DESCRIPTION OF THE TASK
In the entries that follow, the lines from the line containing "A Man with Acute Chest Pain" up to and including the line containing "Agopuntura scientifica nel terzo millennio" must be copied exactly, with pictures omitted.

——

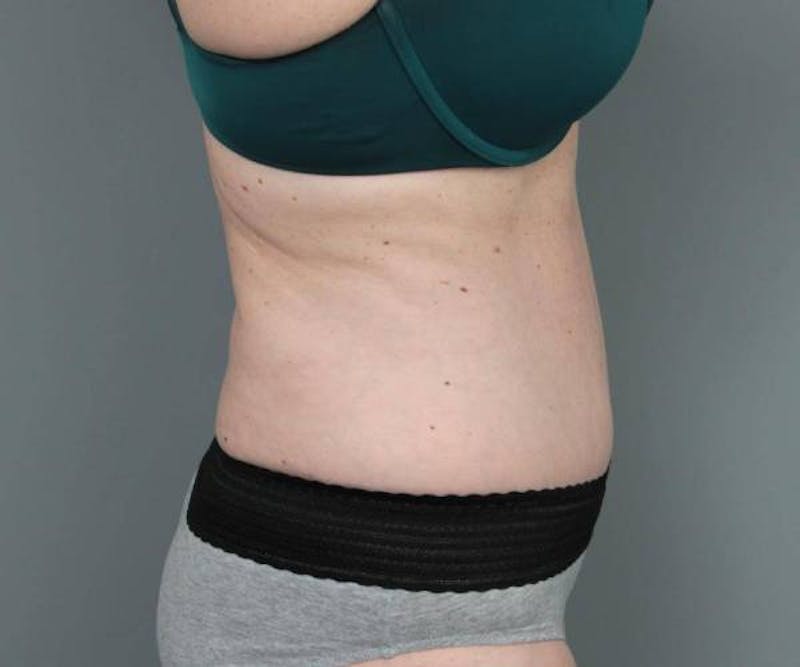 Tummy Tuck Before & After Gallery - Patient 367679 - Image 6 - Scott Chapin, MD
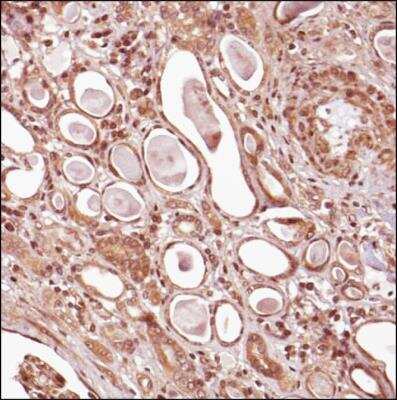 Immunohistochemistry-Paraffin: Tensin 1 Antibody [NBP2-78783] - Analysis of a FFPE tissue section of the human kidney using 1:200 dilution of Tensin1 antibody (NBP2-78783). The signal was developed using HRP-DAB method which followed counterstaining of the cells with hematoxylin. The antibody generated mainly strong cytoplasmic staining in all cells in glomeruli and tubules.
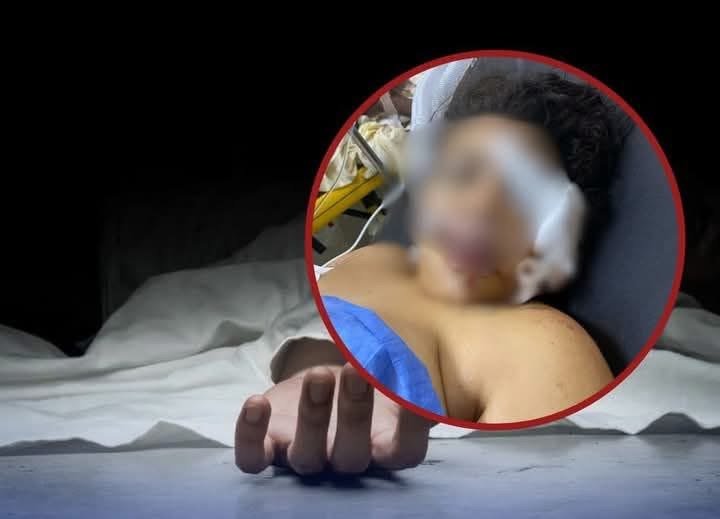 Muere Colombiana herida de bala en la cabeza por su pareja en Haina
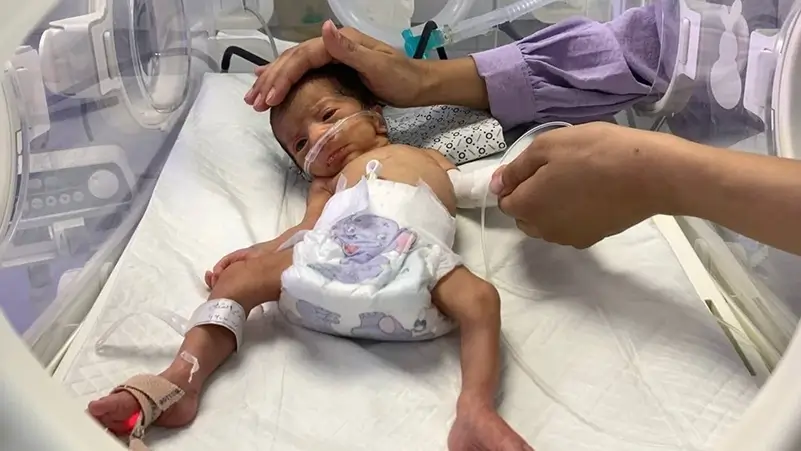 Catastrophic Infants in Gaza battle to stay alive amid formula shortage 2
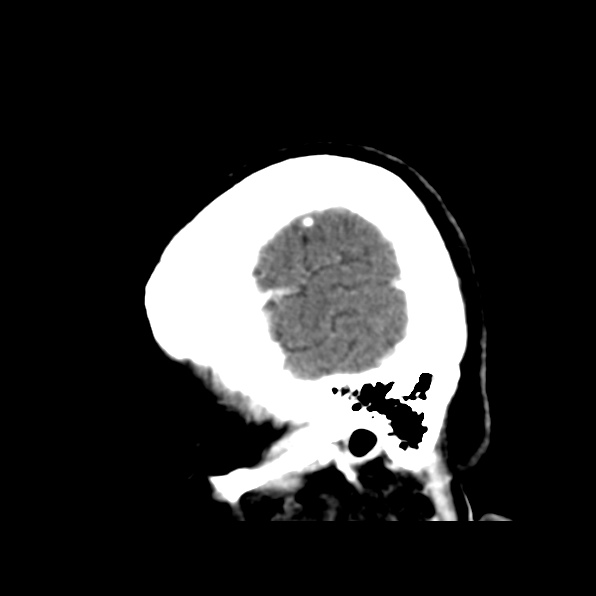 File:Brain metastases from breast cancer (Radiopaedia 23178-23231 C 42).jpg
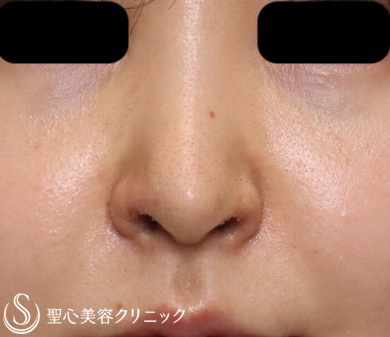 【20代女性・鼻の穴を目立たなくしたい】鼻孔縁下降術（１週間後） After 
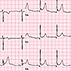 A Man with Acute Chest Pain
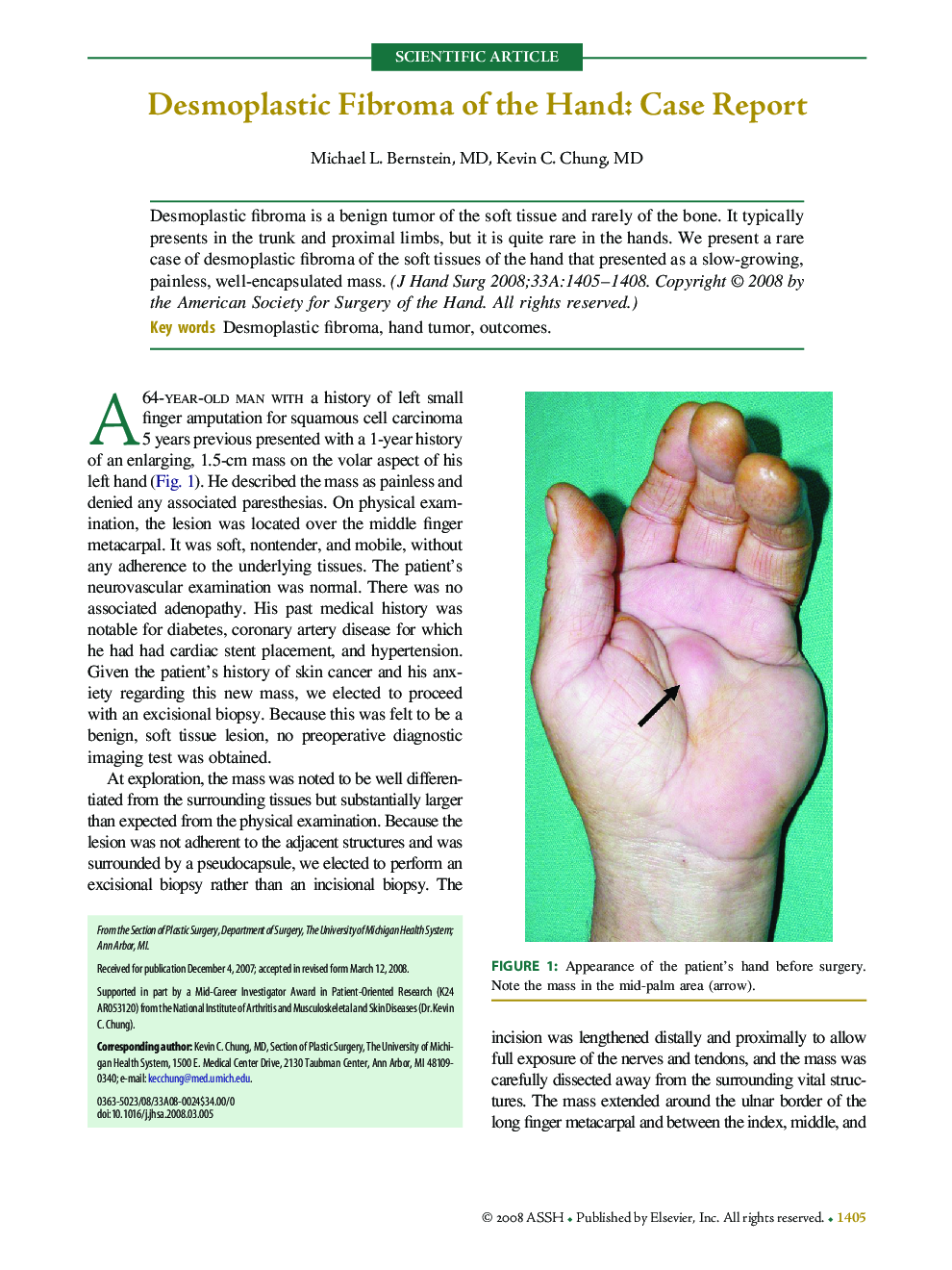 Desmoplastic Fibroma of the Hand: Case Report 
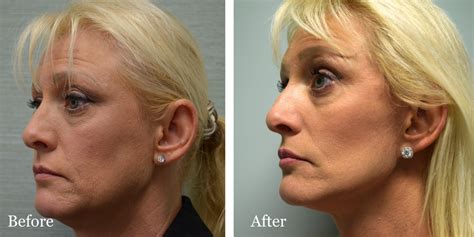 Mini Facelift vs Full Facelift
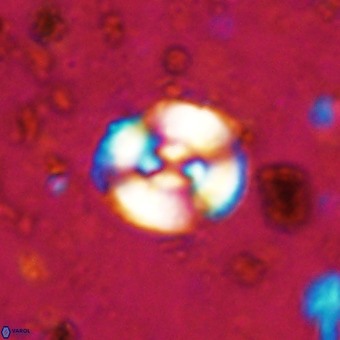 Watznaueria barnesiae VR 20301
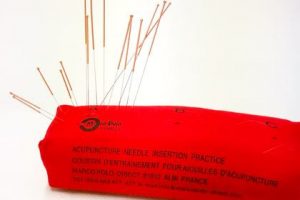 Agopuntura scientifica nel terzo millennio
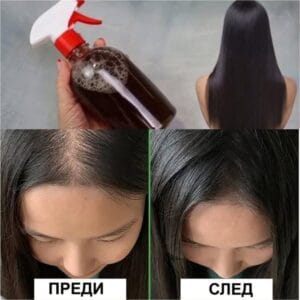 Ефектът е поразителен! Домашен лек против косопад и олисяване - новата коса расте по-гъста, по-лъскава, по-здрава 42 500056164 1092809976203530 7299737787105053869 n
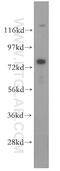 Methylmalonyl-CoA Mutase antibody, 17034-1-AP, Proteintech Group, Western Blot image 
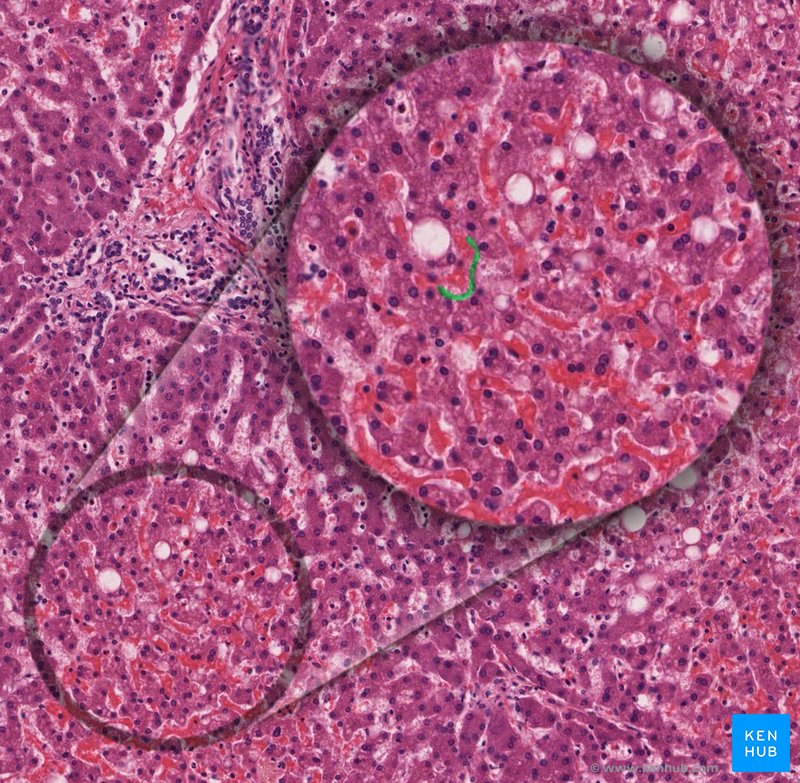 Space of Disse - histological slide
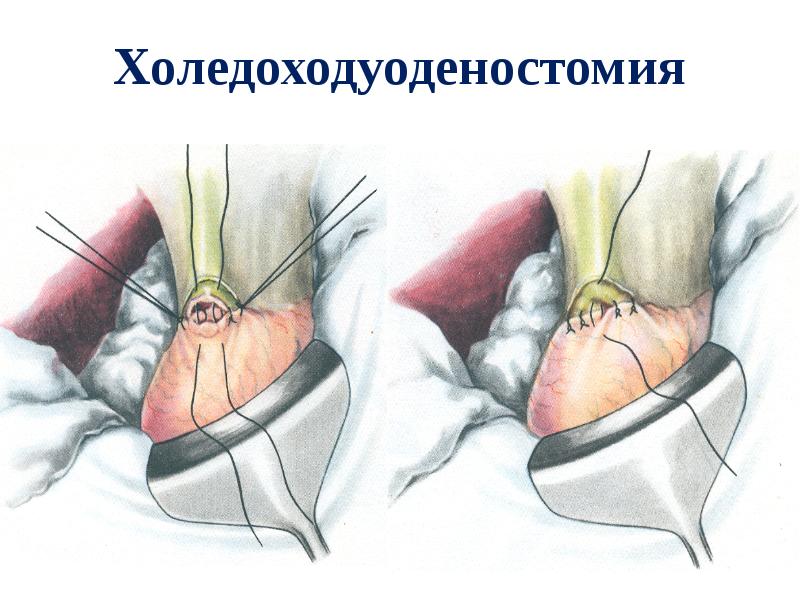 Холедоходуоденостомия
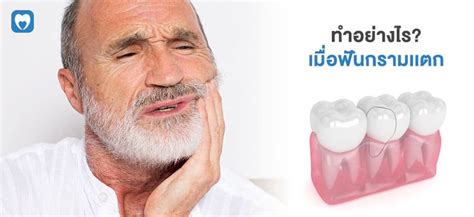 ทำอย่างไรเมื่อฟันกรามแตก (Cracked Tooth) | Care Dental Clinic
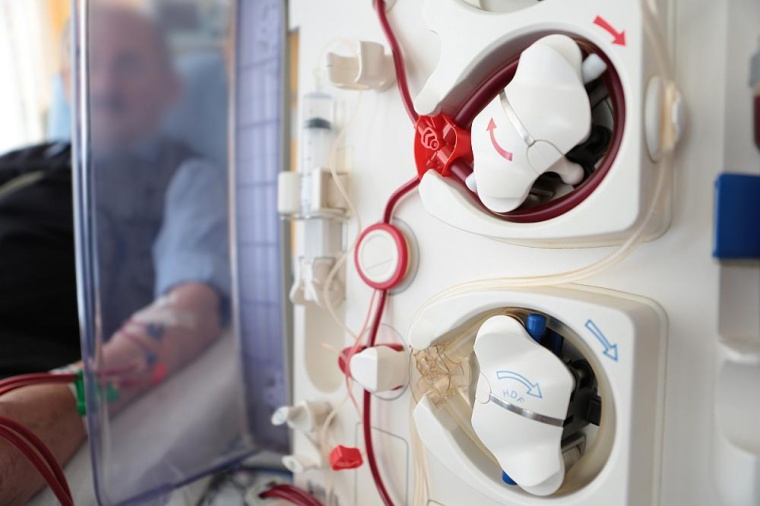 Bis zu zehn Jahre warten Dialysepatienten auf eine Spenderniere. © UKR/Klaus...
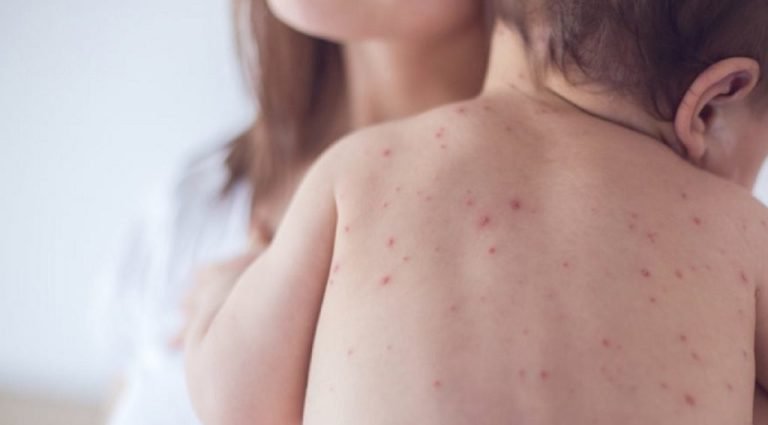 Εξήντα έξι περιστατικά ιλαράς στη Βουλγαρία-Τα περισσότερα σε μικρά παιδιά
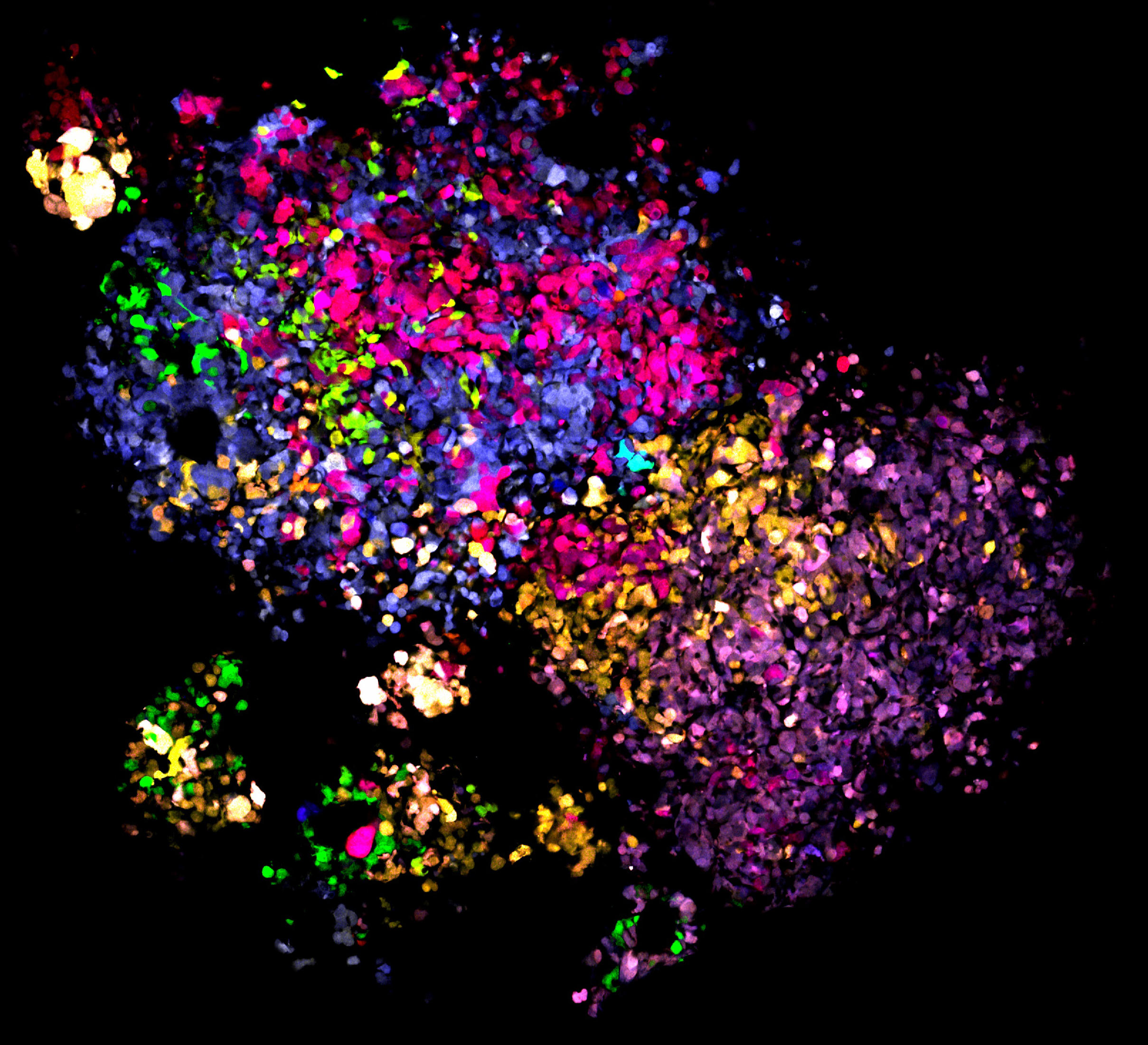 Breast cancer cells labelled with LeGO optical tags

——

REPLY TO THE TASK
 A Man with Acute Chest Pain
 Desmoplastic Fibroma of the Hand: Case Report 
 Mini Facelift vs Full Facelift
 Watznaueria barnesiae VR 20301
 Agopuntura scientifica nel terzo millennio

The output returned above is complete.